Minimalistic logo symbolizing computational linguistics John Winstead
  • Home
  • Services
  • Research
  • Blog
  • CV

On this page

  • Overview
    • Historical Context and Significance
  • Research Methodology
    • Data Collection Process
  • Statistical Measures
    • Gini Coefficient
    • Shannon Entropy
  • Pattern Analysis
    • Left-to-Right Scripts
    • Right-to-Left Scripts
  • Results
    • Performance by Language
    • Performance by Language Family
    • Notable Patterns
    • Language Family Characteristics
    • Validation Results
  • Discussion
    • Practical Applications
  • Future Work
    • Primary Research Directions
    • Methodological Extensions
  • Source Code
  • Edit this page
  • Report an issue

Writing Direction Detection

Writing Systems
Information Theory
Computational Linguistics
Using Gini index and Entropy analysis to determine writing direction
Published

November 15, 2024

Overview

Writing systems are not only a reflection of language but also encode directional properties in their stochastic patterns on the sub-word level. This research demonstrates how analyzing character distributions at word boundaries can determine a text’s writing direction, whether left-to-right (LTR) or right-to-left (RTL), without prior knowledge of the language or script. The project builds upon the methods outlined in The Handedness of Language by (Ashraf & Sinha, 2018), integrating these with computational tools to validate and refine directionality detection for writing systems.

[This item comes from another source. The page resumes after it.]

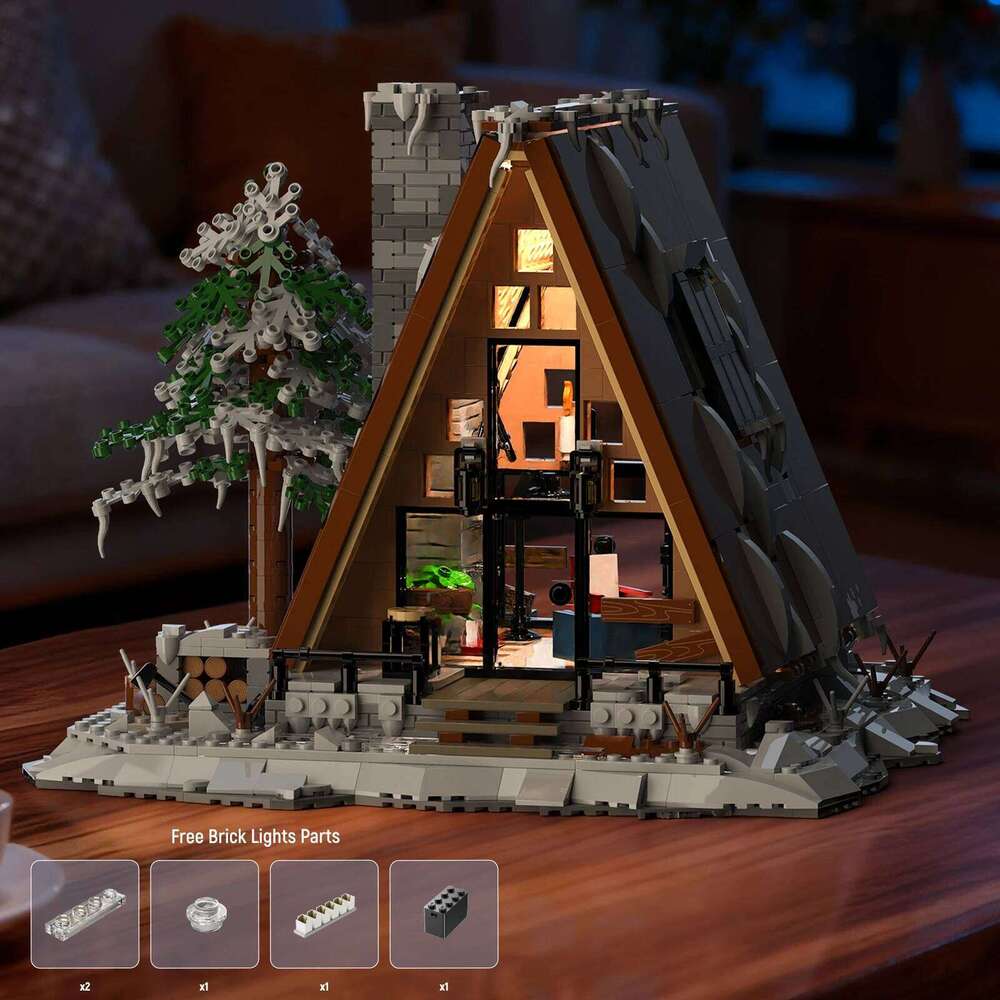 1508PCS A Type Snow House Building Blocks Pine Tree Cabin Model Bricks Winter Holiday Desktop Decoration Kids DIY Toys Gifts Z260305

Historical Context and Significance

Writing direction has evolved differently across civilizations, reflecting cultural practices and cognitive constraints. While modern Indo-European languages predominantly use left-to-right writing, many historical and contemporary writing systems employ the reverse or even top-to-bottom orientations. Being able to determine what the correct direction of writing and therefore reading would prove indispensable to the field of historical linguistics and decipherment of ancient languages.

Research Methodology

Data Collection Process

The study analyzed texts from multiple language families, ensuring:

  • Representative samples across writing systems
  • Consistent sample sizes (Max number of tokens from the respective corpora)
  • Clean, standardized text preprocessing
Key Innovation

This approach leverages two mathematical properties:

  1. Character Distribution Inequality (Gini coefficient)
    • Measures statistical dispersion in character usage
    • Reveals systemic constraints at word boundaries
    • Provides a quantitative measure of positional rules
  2. Character Randomness (Entropy)
    • Quantifies predictability of character sequences
    • Captures linguistic constraints in writing systems
    • Reflects underlying phonological patterns

We can determine writing direction with 100% accuracy across tested languages by analyzing these properties at word boundaries.

Statistical Measures

Gini Coefficient

The Gini coefficient measures distribution inequality:

G = \frac{\sum_{i=1}^n\sum_{j=1}^n|x_i - x_j|}{2n\sum_{i=1}^nx_i} The coefficient reveals crucial patterns:

  • Higher values indicate uneven distribution
  • Computed separately for initial and final positions
  • Key indicator of character constraints
  • Reflects writing system optimization

Shannon Entropy

Entropy quantifies randomness in character usage:

H = -\sum_{i=1}^n p_i\log_2(p_i) This measure provides essential insights:

  • Higher values indicate more varied distribution
  • Measures character choice flexibility
  • Critical for direction determination
  • Captures linguistic constraints

Pattern Analysis

Left-to-Right Scripts

LTR Characteristics

My analysis revealed clear patterns in LTR writing systems. Words begin with high entropy (varied characters) and low Gini coefficients (even distribution), showing flexibility in word-initial positions. Conversely, word endings show low entropy with high Gini coefficients, indicating restricted character sets and stronger morphological constraints.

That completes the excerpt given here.